Fruit grading system by reconstructed 3D hyperspectral full-surface images

Abstract

Conducting hyperspectral imaging of fruit' entire surfaces while simultaneously evaluating their physical properties, such as volume and mass, can provide a richer dataset for comprehensive fruit classification. For this purpose, a fruit grading system using 3D hyperspectral full-surface images is developed, which is based on multi-view imaging of mirrors in the hardware structure design and relies on the virtual volume intersection (VI) algorithm and texture technology in software design. During the design process, a mathematical model for the mirror layout and system geometry parameters is established to determine the system's layout for scanning the entire surface of the sample.
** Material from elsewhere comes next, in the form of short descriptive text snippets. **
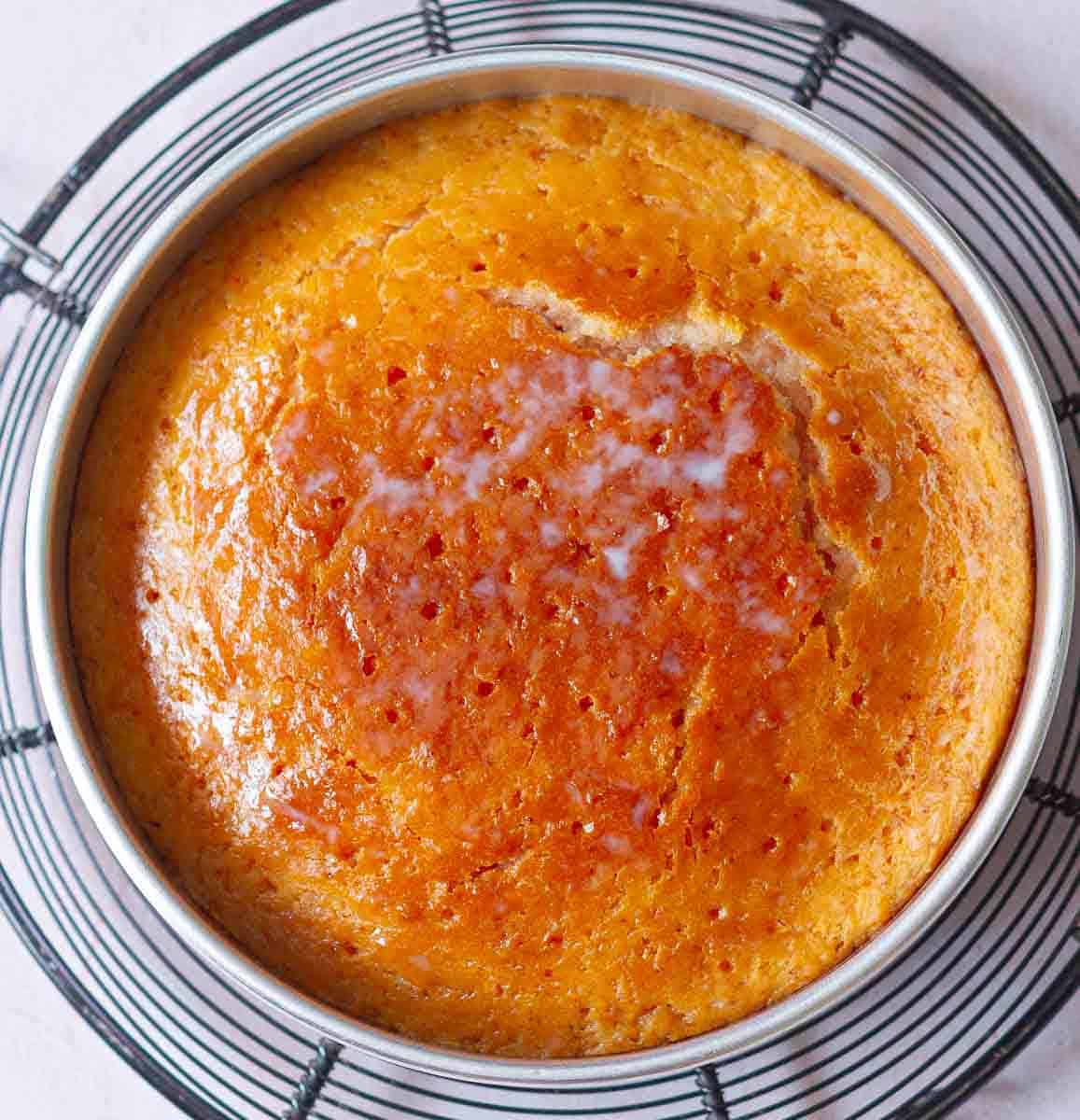 Cake soaked in rose syrup in a cake tin.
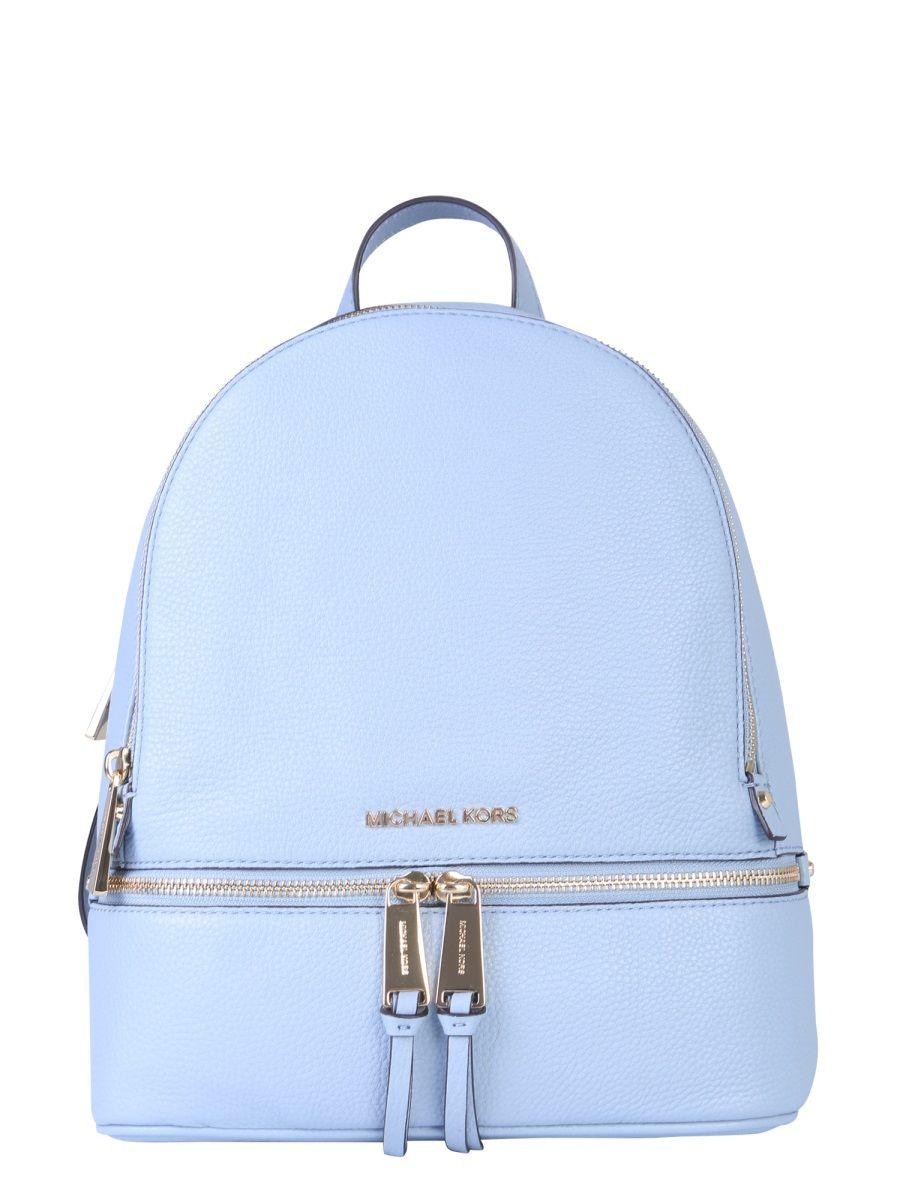 light blue leather backpack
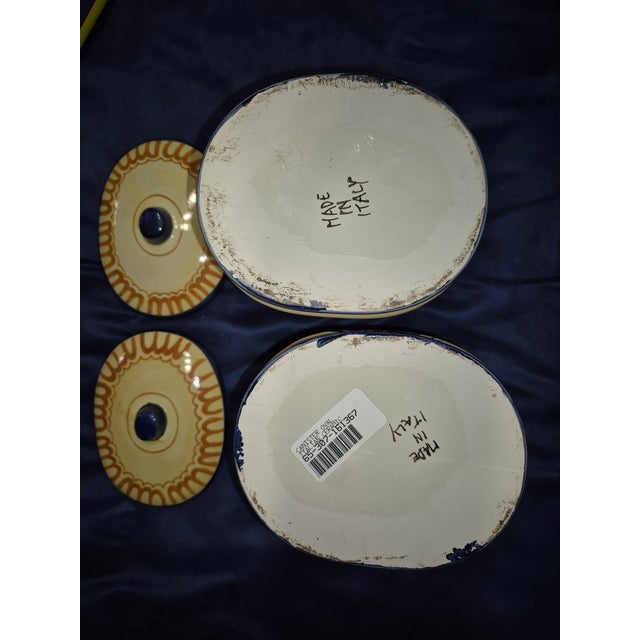 Two hand-painted Italian majolica style ceramic canisters resting on a dark blue fabric surface. Visual Details Form &...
In practical applications, a prototype with 28 channels ranging from 400 to 1000 nm is developed for pear samples based on a sub-component control system, a spherical-cap cavity with flashing multi-color LEDs, and multiple side mirrors. The results obtained from this prototype reveal that the predicted volume (R2=96.18%) and mass (R2=98.18%) exhibit a high correlation with measured results and the hyperspectral data between bruised and normal pears is a significant difference. A dataset of pears of three qualities (large, small, and bruised) is prepared for comprehensive classification and resulting in an effective grading (95.33%), which shows that the proposed system is a potential solution for comprehensive fruit quality classification.